About this task
Starting with the line that holds "10 Pembroke Road, Coorparoo QLD 4151", repeat each line through the last one below, exactly. Pictures stay out.

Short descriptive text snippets
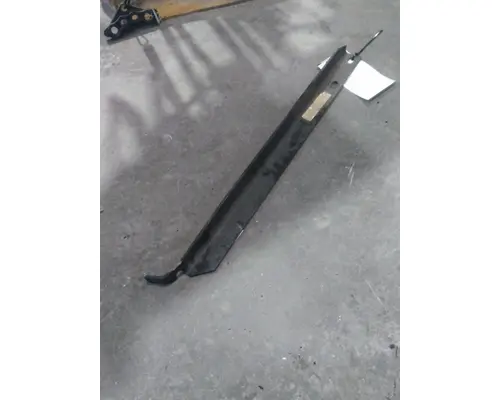 PETERBILT 330 BUMPER BRACKET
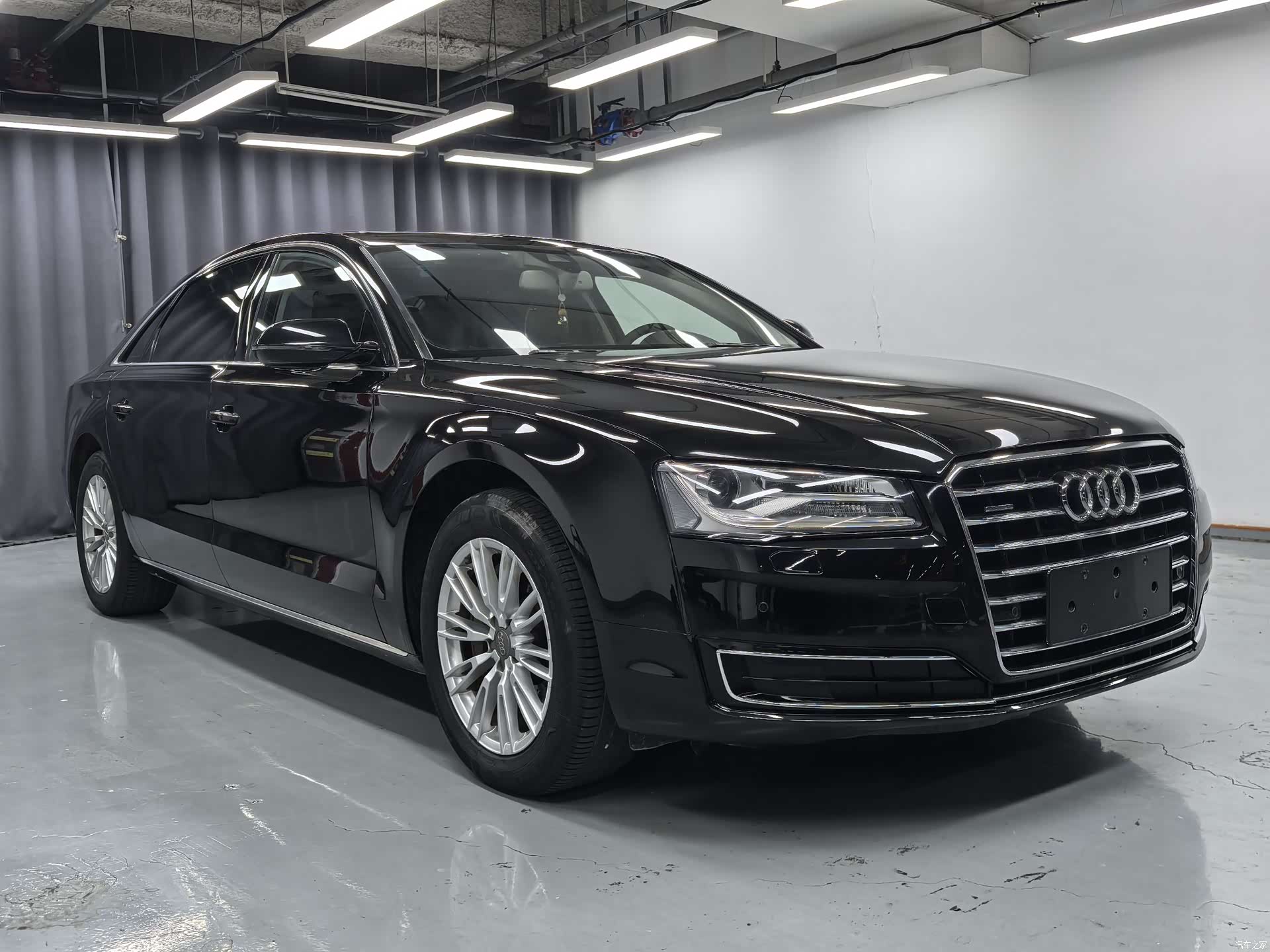 Audi A8L, 2015 3
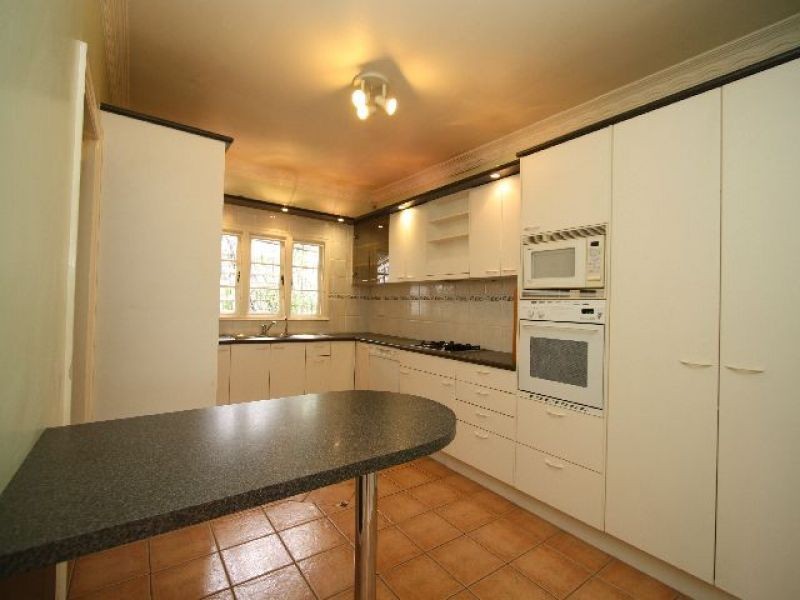 10 Pembroke Road, Coorparoo QLD 4151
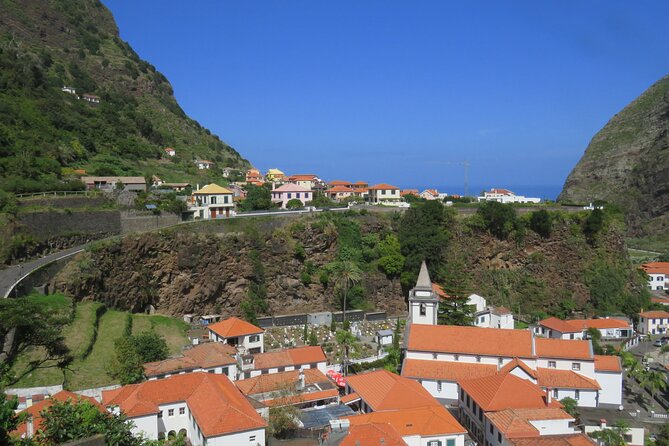 Half day jeep Wine tour and tasting, & sea cliff adventure - Funchal, meet the jeep: why this format works
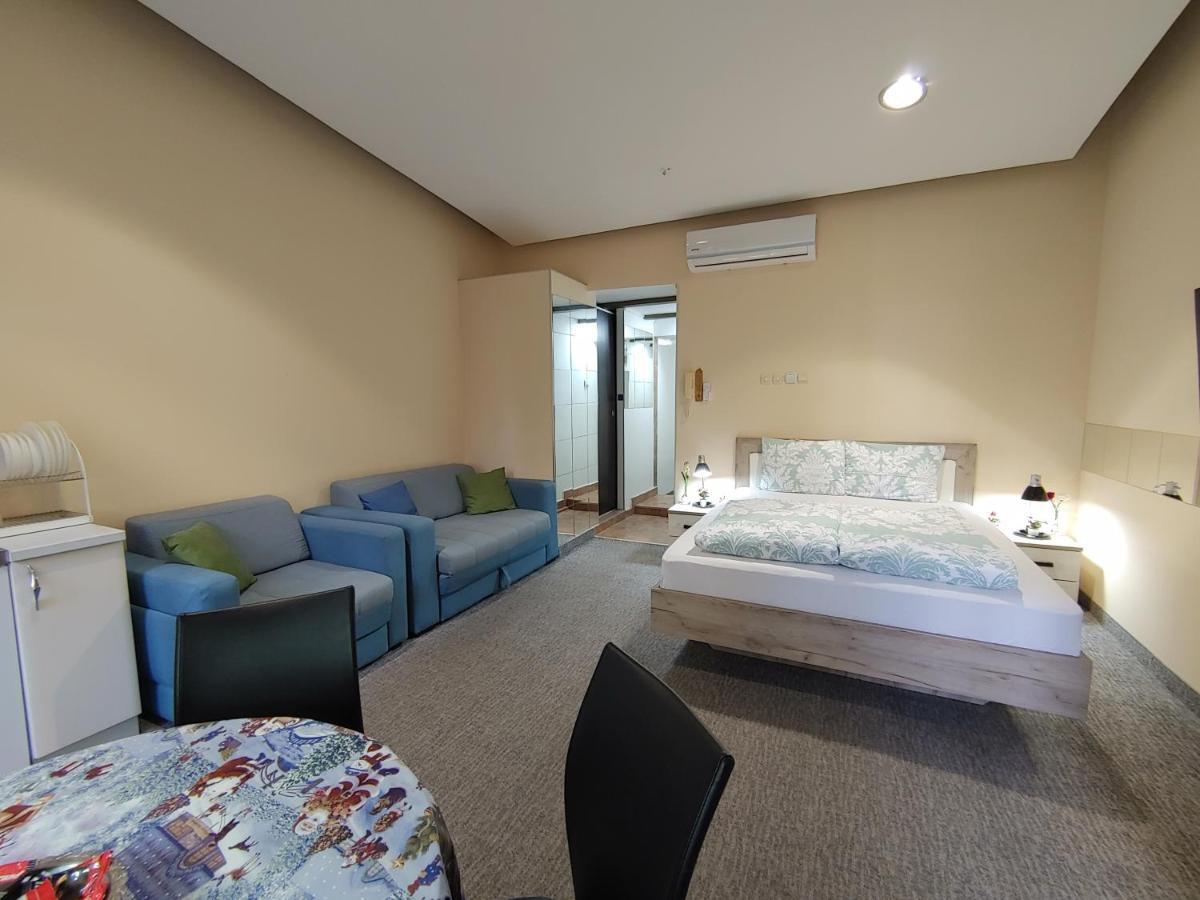 Apartment Danijela-City Centar เบลเกรด ภายนอก รูปภาพ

The completed task
 10 Pembroke Road, Coorparoo QLD 4151
 Half day jeep Wine tour and tasting, & sea cliff adventure - Funchal, meet the jeep: why this format works
 Apartment Danijela-City Centar เบลเกรด ภายนอก รูปภาพ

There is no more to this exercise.